▶ _WHAT NEEDS TO BE DONE_
Below are the records; extract from them the line containing "#Equis #equisuniverse #furry" to the line containing "Lápiz Limpiador De", both lines included, exactly and with no pictures.

▶ _MATERIALS PROVIDED_
== Segment start ==
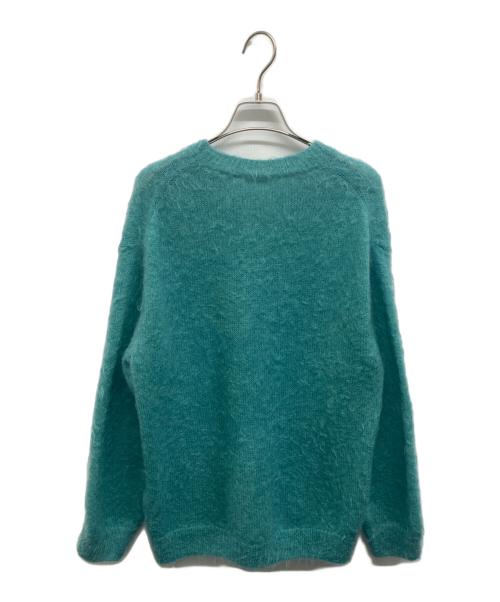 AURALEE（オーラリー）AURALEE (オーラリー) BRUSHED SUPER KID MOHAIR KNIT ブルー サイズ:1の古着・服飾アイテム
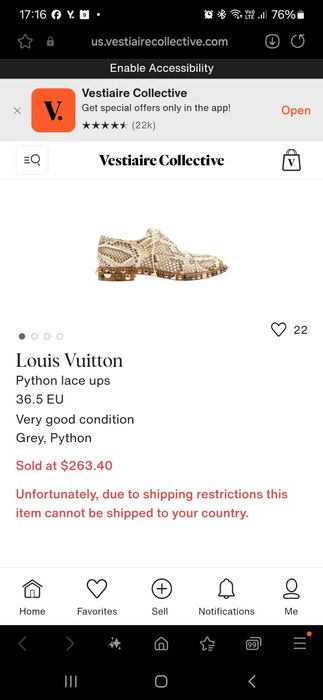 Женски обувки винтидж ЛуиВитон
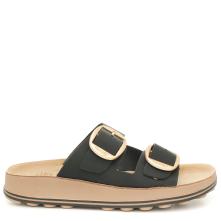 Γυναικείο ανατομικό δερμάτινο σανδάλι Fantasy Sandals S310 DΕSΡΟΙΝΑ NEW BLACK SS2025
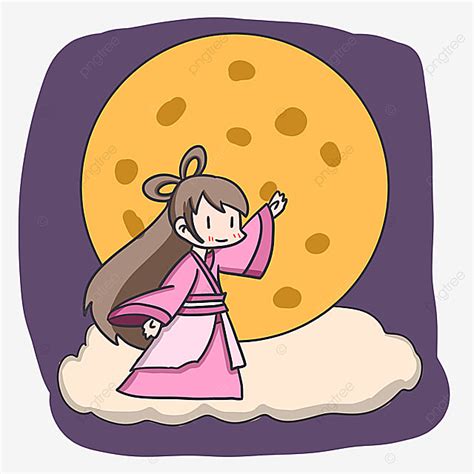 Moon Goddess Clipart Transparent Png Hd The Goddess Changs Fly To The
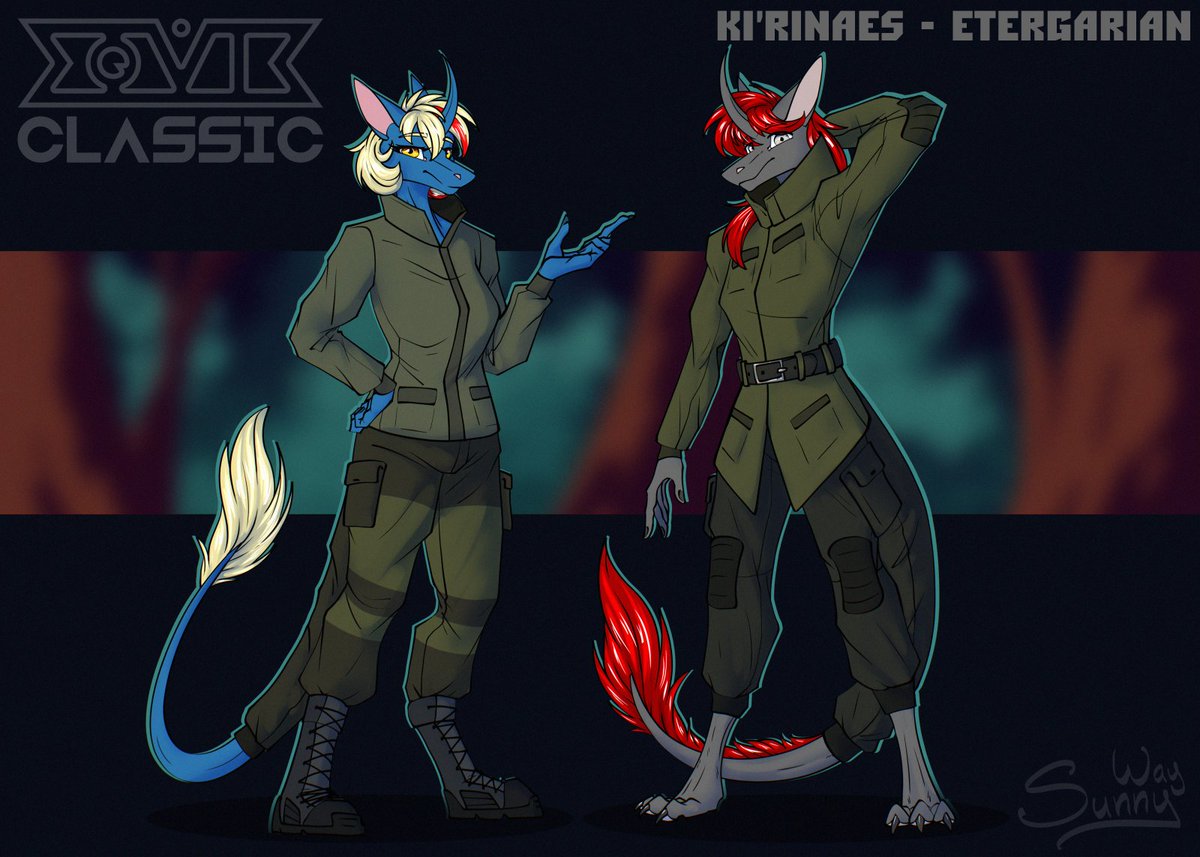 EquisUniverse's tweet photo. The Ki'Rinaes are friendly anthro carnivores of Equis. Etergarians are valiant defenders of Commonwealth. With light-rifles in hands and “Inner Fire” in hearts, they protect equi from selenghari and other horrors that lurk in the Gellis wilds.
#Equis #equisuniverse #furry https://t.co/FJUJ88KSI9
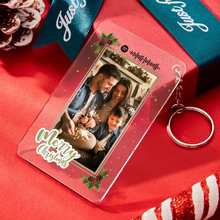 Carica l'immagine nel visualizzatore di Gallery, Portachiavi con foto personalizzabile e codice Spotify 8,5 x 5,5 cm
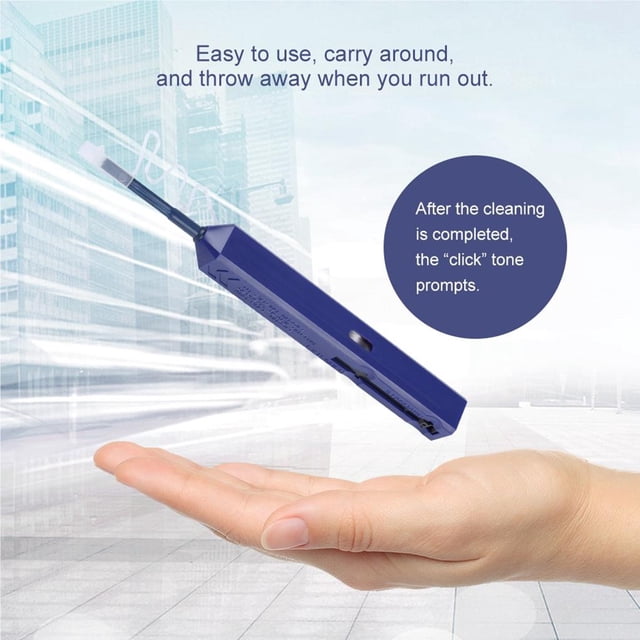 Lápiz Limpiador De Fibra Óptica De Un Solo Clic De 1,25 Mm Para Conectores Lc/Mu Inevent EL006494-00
== Segment end ==
== Segment start ==
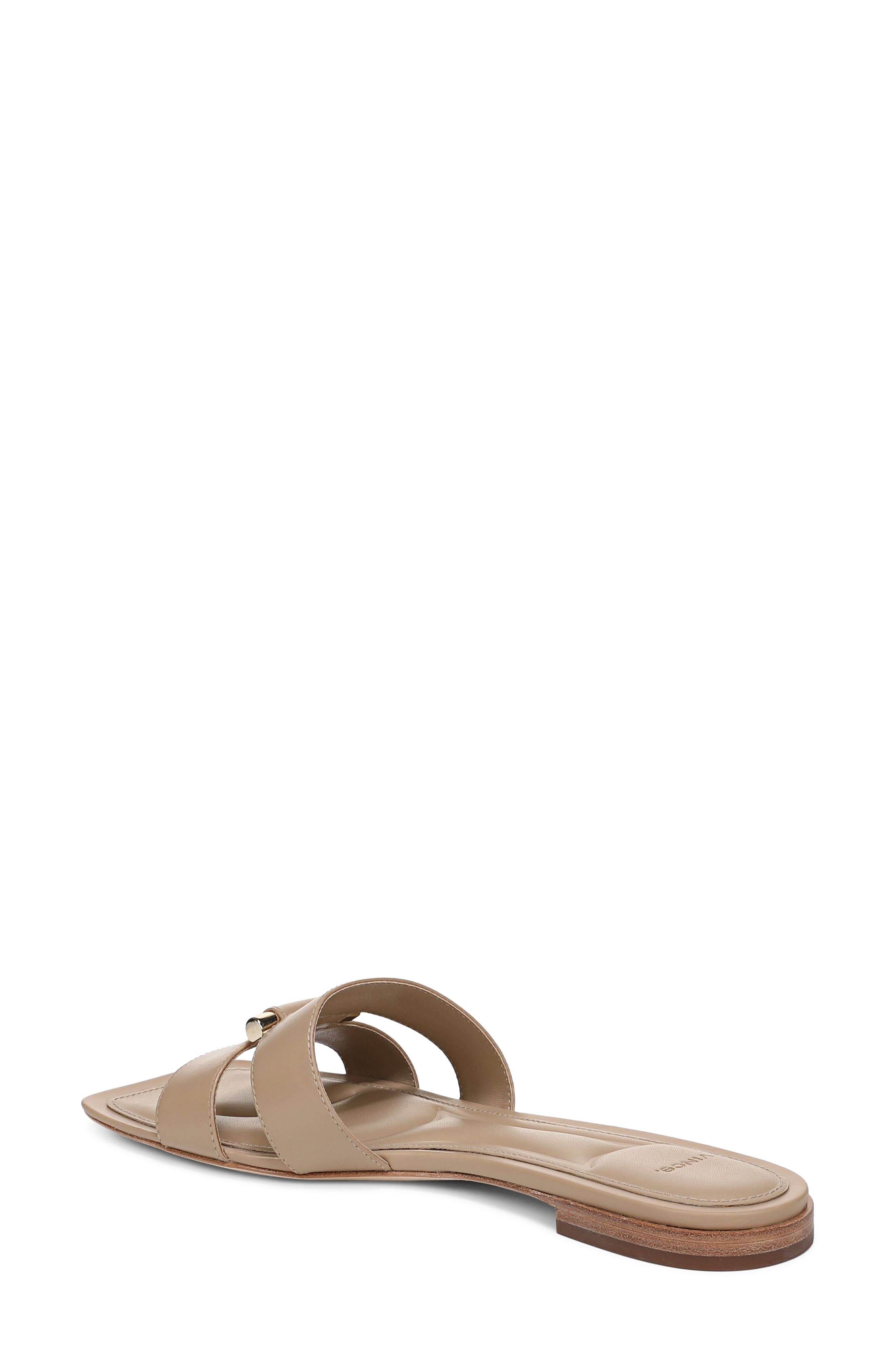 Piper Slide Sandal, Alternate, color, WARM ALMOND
== Segment end ==
▶ _WRITTEN SOLUTION_
#Equis #equisuniverse #furry https://t.co/FJUJ88KSI9
 Carica l'immagine nel visualizzatore di Gallery, Portachiavi con foto personalizzabile e codice Spotify 8,5 x 5,5 cm
 Lápiz Limpiador De Fibra Óptica De Un Solo Clic De 1,25 Mm Para Conectores Lc/Mu Inevent EL006494-00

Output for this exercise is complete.